L’ennesimo riversamento di inquinanti in mare si è verificato ieri, 7 ottobre, nel mar Tirreno, in seguito ad un incidente navale. L’accaduto è avvenuto a circa 14 miglia da Capo Corso, in acque internazionali a Nord della Corsica, e già si parla di emergenza inquinamento anche per le acque italiane.
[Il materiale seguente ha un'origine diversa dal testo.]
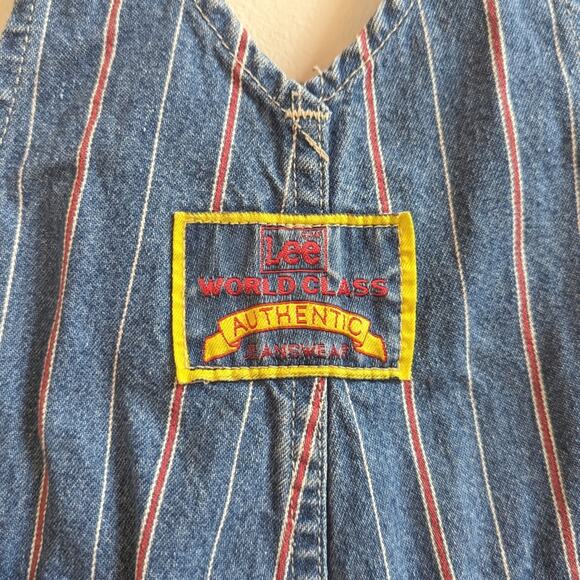 Vtg 90s Lee Jeans Overalls Boys Sz 24m Denim Red Stripe Classic - Picture 5 of 6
L’incidente, avvenuto alle 7:30 di domenica mattina, è stato provocato dallo scontro diretto tra due mantovane che trasportavano merci: la prima proveniente dalla Tunisia, la Ulisse, che trasportava camion ed auto, e la seconda proveniente da Cipro, la Cls Virginia, portacontainer. È stata la Ulisse ad essersi scontrata contro la Virginia colpendone la fiancata con un impatto diretto.

Emergenza inquinamento

La notizia è stata già confermata dal Ministero dell’ambiente e dalla Guardia Costiera italiana, la quale ha già inviato tre navi antinquinamento dai porti di Livorno e di Genova per arginare la marea nera; la Francia, invece, ha gestito le operazioni di salvataggio e di recupero dei due equipaggi.

Non sono stati registrati feriti. L’impatto ha però causato uno squarcio nel serbatoio della nave Virginia provocando la fuoriuscita di ben 600 metri cubi di carburante. La miscela ha cominciato ad espandersi in mare formando una grossa chiazza nera di gasolio che ha già raggiunto i 10 Km quadrati di estensione. Le dinamiche dell’incidente sono ancora da chiarire, si suppone infatti che la Virginia fosse ancorata e ferma in mare aperto, forse per un guasto.
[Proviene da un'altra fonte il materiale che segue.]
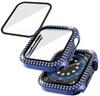 Adecuado para Apple appleWatch5/6/7/8/9 generación/SE caja de PC con doble fila de diamantes película integrada anticaída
Particolarmente a rischio è ora la fauna marina italiana e si lotta contro il tempo per evitare il disastro ambientale. La grossa chiazza di gasolio, infatti, è molto vicina al nostro “santuario dei cetacei”, un’area marina protetta in cui vivono almeno 12 specie di mammiferi marini, tra balenotteri e delfini.

Attualmente le autorità stanno lavorando per mitigare il danno e la situazione viene costantemente monitorata anche per mezzi aerei, si attendono ulteriori sviluppi.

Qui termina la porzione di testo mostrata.